Undoubtedly, CPT has many known and unknown risk factors, in addition to ADE, such as the differences in the types and titers of specific and non-specific antibodies in convalescent plasma obtained from different patients and the presence of other potential pathogens in virus-inactivated plasma. Therefore, while conducting large-scale clinical trials of CPT in critical COVID-19 patients, the guidelines for convalescent plasma collection, as specified in the blood donation laws and pharmacopoeias, must be strictly followed, and standard procedures must be maintained during the entire process.
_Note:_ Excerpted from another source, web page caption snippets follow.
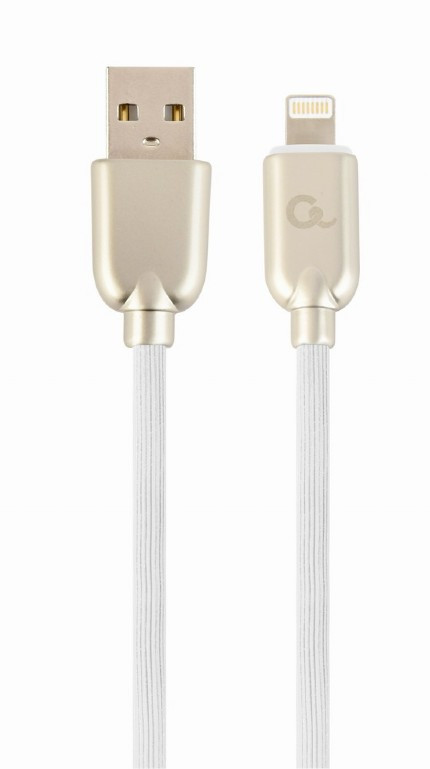 Image of Gembird (CC-USB2R-AMLM-2M-W) 2m fehér gumis USB2.0 / Lightning kábel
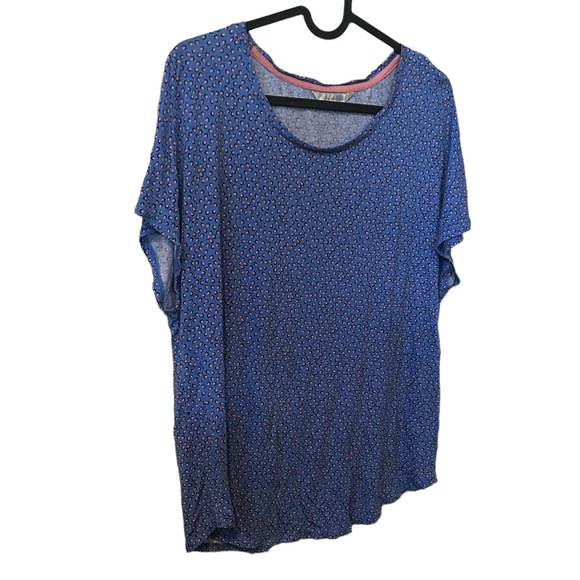 Boden Blue With Pink Dot Pattern 100% Viscose Short Sleeve Size 10 Spring Blouse - Picture 3 of 7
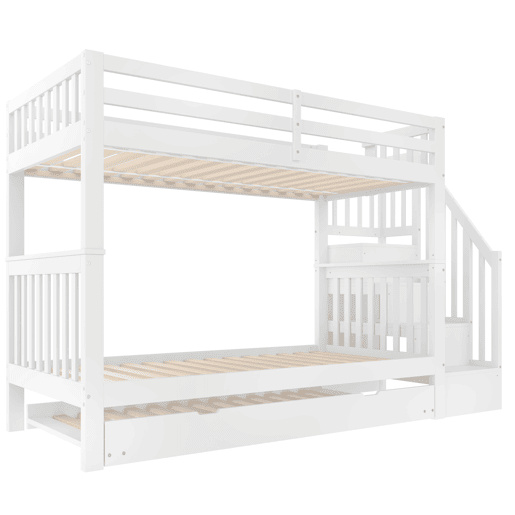 Beliche 90 × 200 cm - escada com prateleiras, cama extraível, grades altas, certificação EN 747-1 - Branco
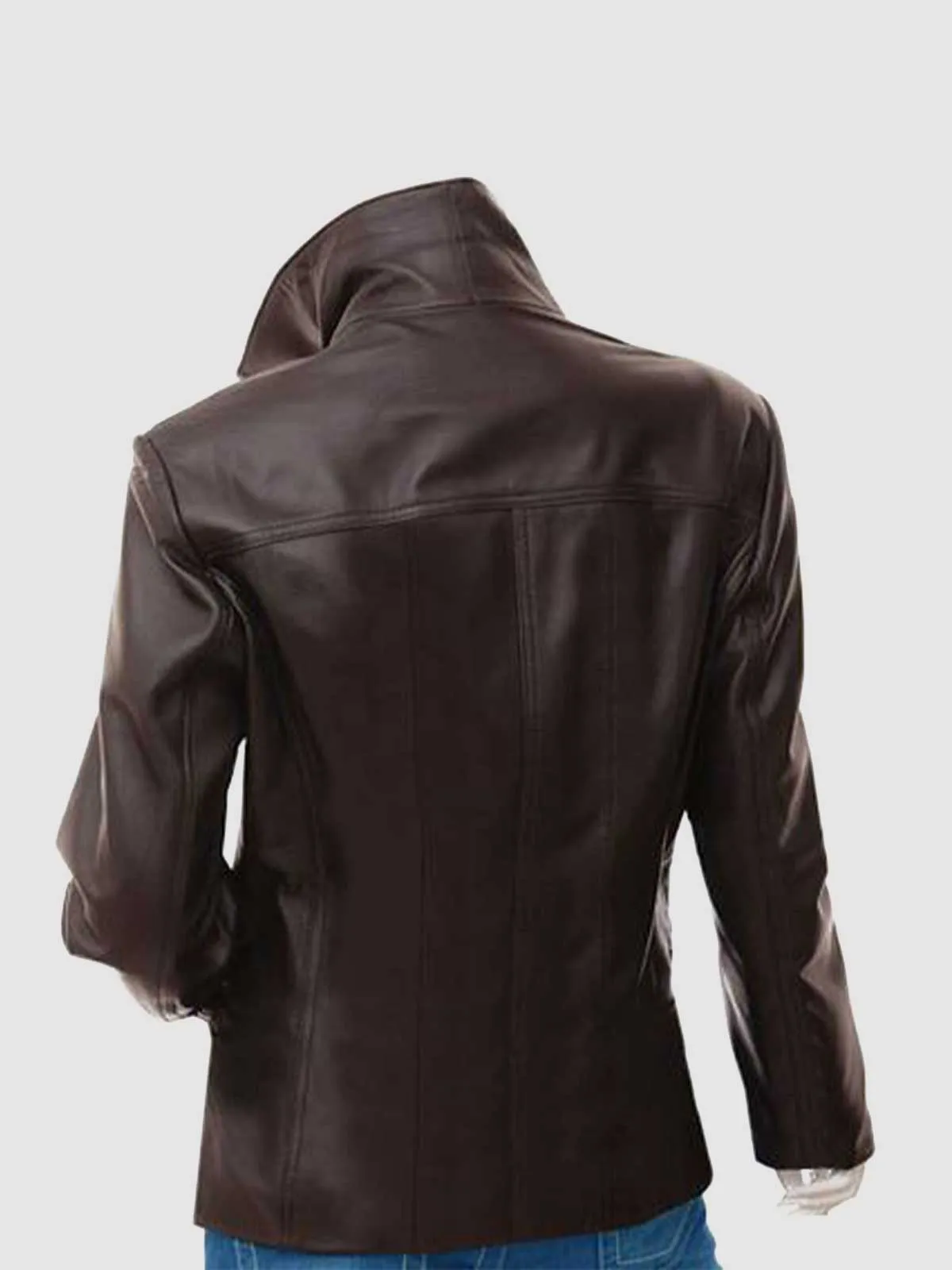 2 Button Brown Leather Coat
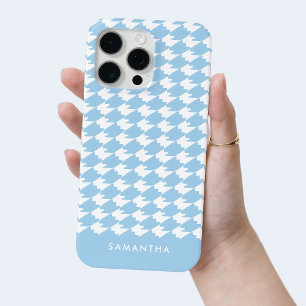 Funda Para iPhone 15 Pro Max Moda personalizada del patrón de gallos azul moder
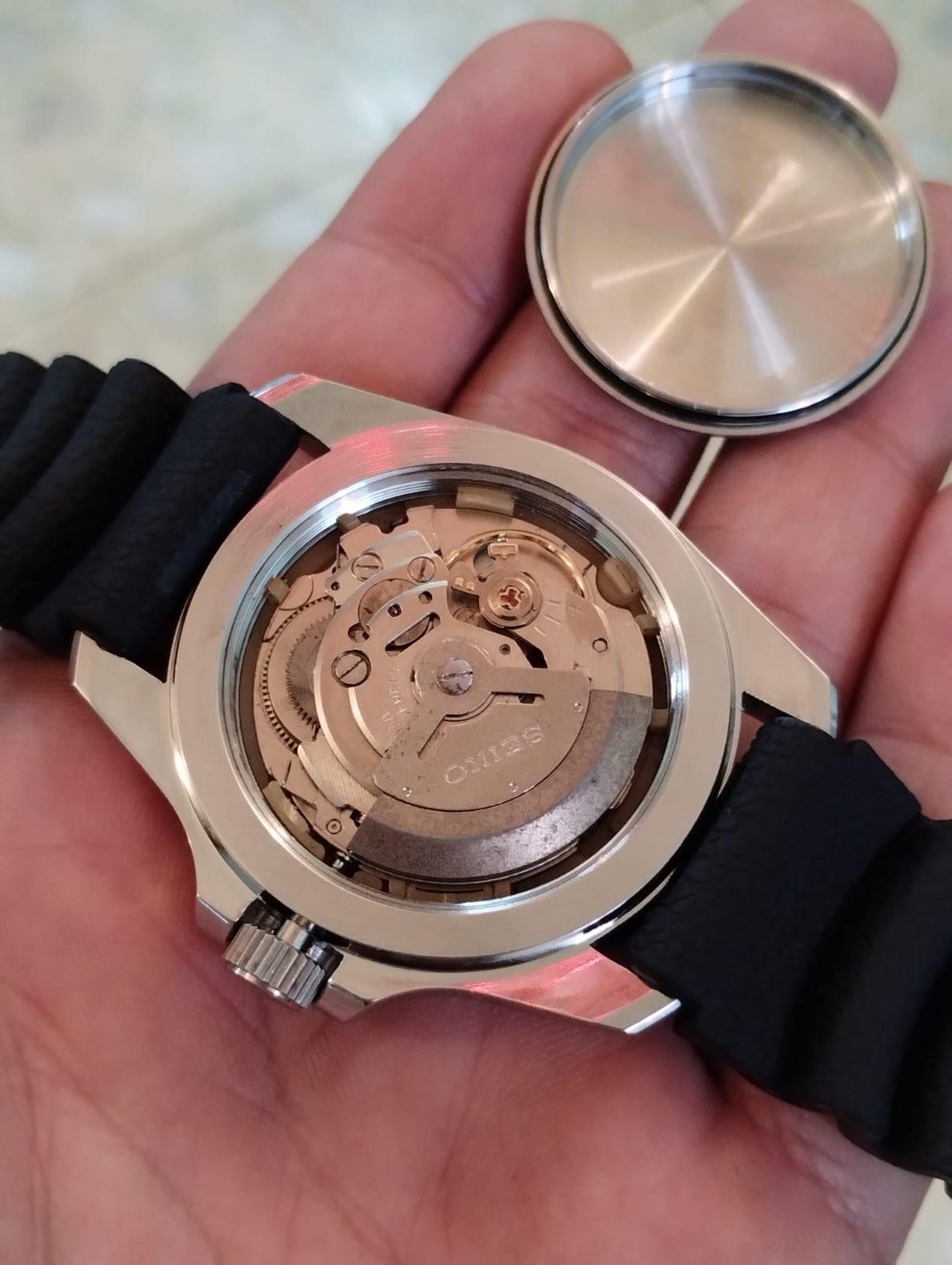Vintage Seiko 5 Automatic — Silver Dial, Orange Accents & Black Rotating Bezel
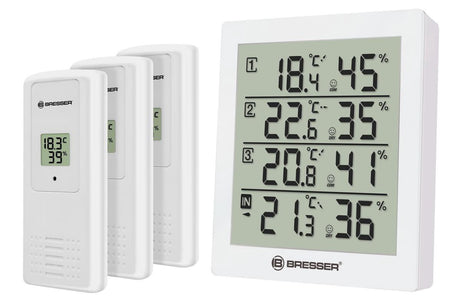 Bresser weerstation - temeo hygro quadro - met 4 onafhankelijke meetgegevens - wit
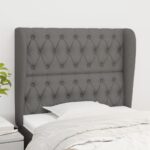 vidaXL Čelo postele so záhybmi tmavosivé 93 x 23 x 118/128 cm látka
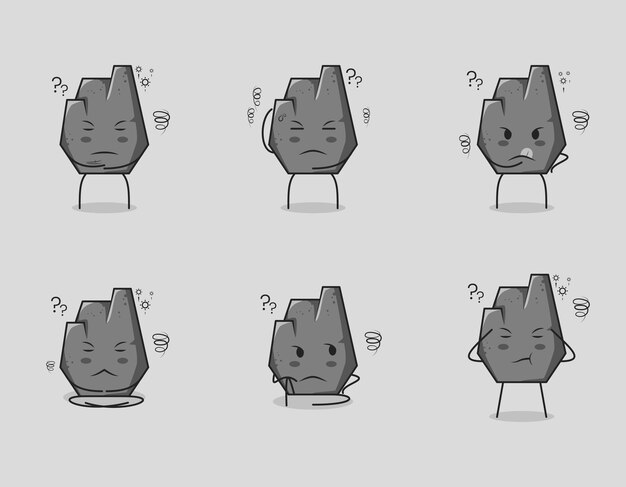 collection of cute stone cartoon character with thinking expression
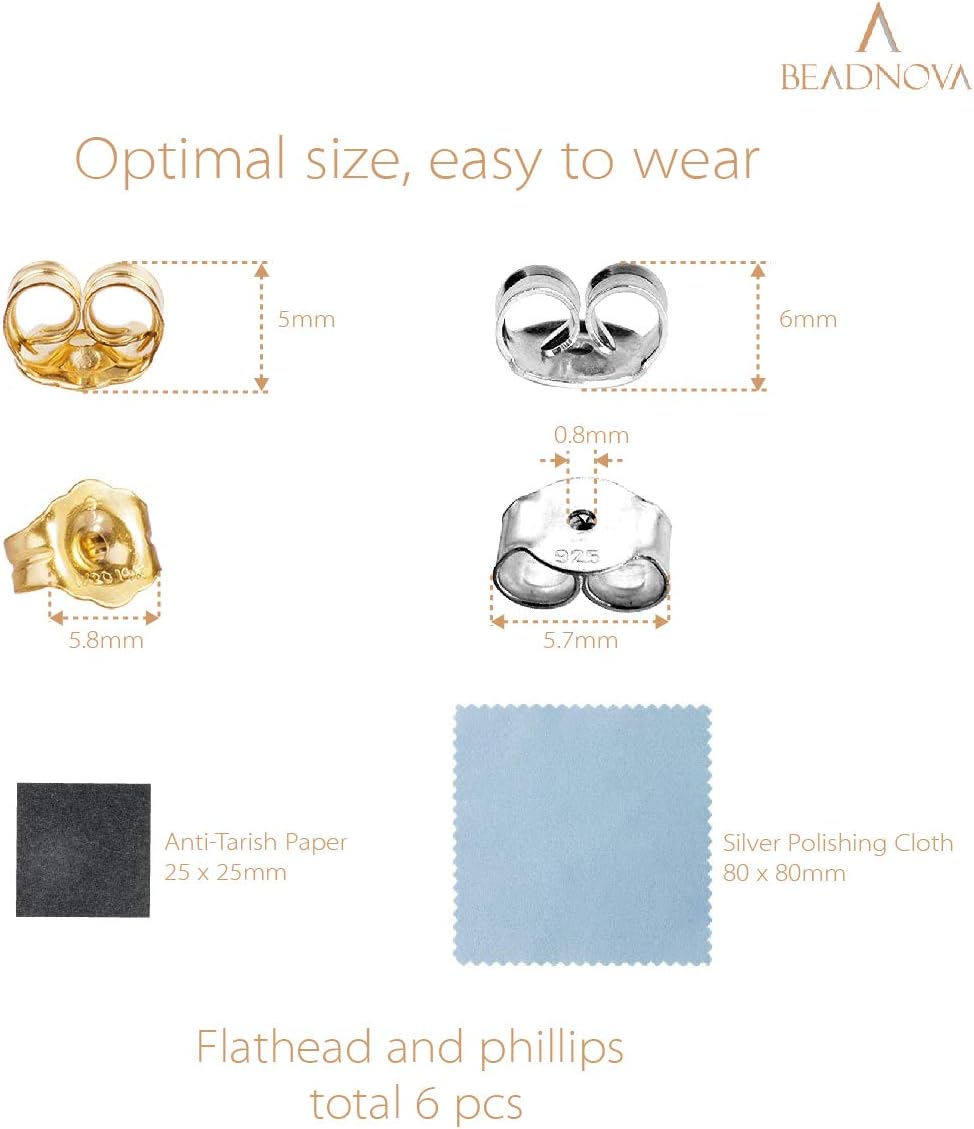 14K Gold 925 Sterling Silver Earring Backs Pierced Earring Backing Hypoallergenic Butterfly Ear Stud Backs for Studs (6 pcs 14K Gold, 6 pcs 925 Sterling Silver) - Image 2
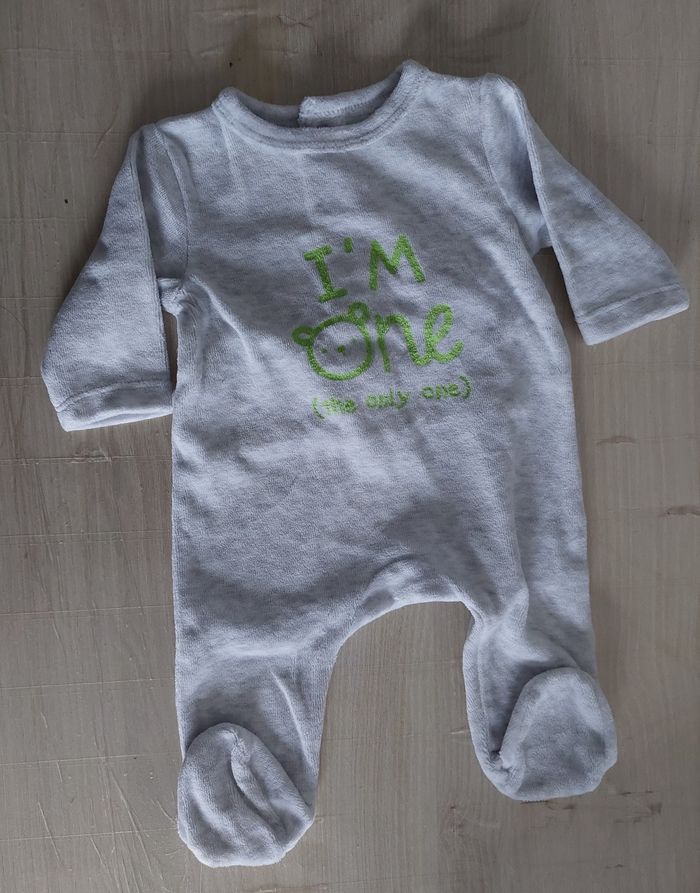 Grenouillère grise I'm One fille 1 mois - photo numéro 2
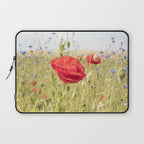 Wildflower Field | Poppy Flower in a Garden in Holland Art Print | Floral Summer Photography Laptop Sleeve Gallery Image 1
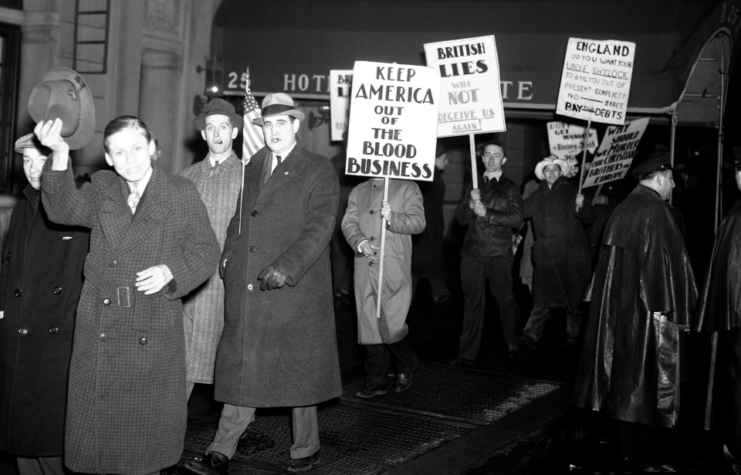 People marching in protest against the United States joining the war in Europe circa 1941 in New York, New York. The AFC was the pressure group against the Americans joining World War II.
In addition to routine screening for pathogens, convalescent plasma must be tested rigorously for pathogens of respiratory, gastrointestinal, and urogenital diseases. Virus inactivation must be done meticulously to ensure safety in the clinical application of CPT.22 Besides, it must be soberly realized that the large-scale collection of convalescent plasma within the limited time of 2–4 weeks will present a plethora of practical obstacles and difficulties, including unwilling donors and failure to meet donation eligibility criteria, etc. As indicated in a large-scale double-blinded randomized controlled study involving 9101 H1N1 patients who recovered, only 7.5% individuals could be successfully recruited for convalescent plasma or whole blood donation.23

As it is difficult to develop new effective antiviral drugs in a short time, in the face of successive major outbreaks of emerging infectious diseases, repurposing existing drugs and therapies can be a viable option. In an emergency, the long-established CPT will likely emerge as the treatment of choice for critical patients; however, it must overcome the stated unresolved challenges.